*** Begin section ***
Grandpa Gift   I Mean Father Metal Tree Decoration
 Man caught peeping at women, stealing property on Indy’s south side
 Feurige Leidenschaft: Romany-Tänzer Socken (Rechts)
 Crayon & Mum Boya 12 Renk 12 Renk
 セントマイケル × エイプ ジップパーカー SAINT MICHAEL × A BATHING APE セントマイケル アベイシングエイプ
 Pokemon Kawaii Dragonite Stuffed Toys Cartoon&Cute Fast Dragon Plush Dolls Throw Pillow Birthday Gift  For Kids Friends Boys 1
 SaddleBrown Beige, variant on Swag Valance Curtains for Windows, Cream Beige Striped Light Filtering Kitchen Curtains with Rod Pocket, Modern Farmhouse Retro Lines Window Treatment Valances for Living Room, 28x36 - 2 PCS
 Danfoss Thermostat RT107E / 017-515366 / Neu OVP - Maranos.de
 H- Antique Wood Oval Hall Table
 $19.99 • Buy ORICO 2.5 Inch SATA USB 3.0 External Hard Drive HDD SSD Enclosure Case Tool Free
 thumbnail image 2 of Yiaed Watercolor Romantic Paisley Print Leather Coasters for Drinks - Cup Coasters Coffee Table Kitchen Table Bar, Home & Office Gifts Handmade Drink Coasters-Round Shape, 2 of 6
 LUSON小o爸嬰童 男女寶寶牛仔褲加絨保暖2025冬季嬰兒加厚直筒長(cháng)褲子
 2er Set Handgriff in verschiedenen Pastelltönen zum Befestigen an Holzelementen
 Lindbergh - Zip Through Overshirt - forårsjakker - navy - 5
*** End section ***
» **TASK DETAILS**:
Retype word for word everything in the listing above from the line that holds "Feurige Leidenschaft: Romany-Tänzer" down to the line that holds "Pokemon Kawaii Dragonite". Keep both end lines and leave out the rest.

» **YOUR SOLUTION**:
 Feurige Leidenschaft: Romany-Tänzer Socken (Rechts)
 Crayon & Mum Boya 12 Renk 12 Renk
 セントマイケル × エイプ ジップパーカー SAINT MICHAEL × A BATHING APE セントマイケル アベイシングエイプ
 Pokemon Kawaii Dragonite Stuffed Toys Cartoon&Cute Fast Dragon Plush Dolls Throw Pillow Birthday Gift  For Kids Friends Boys 1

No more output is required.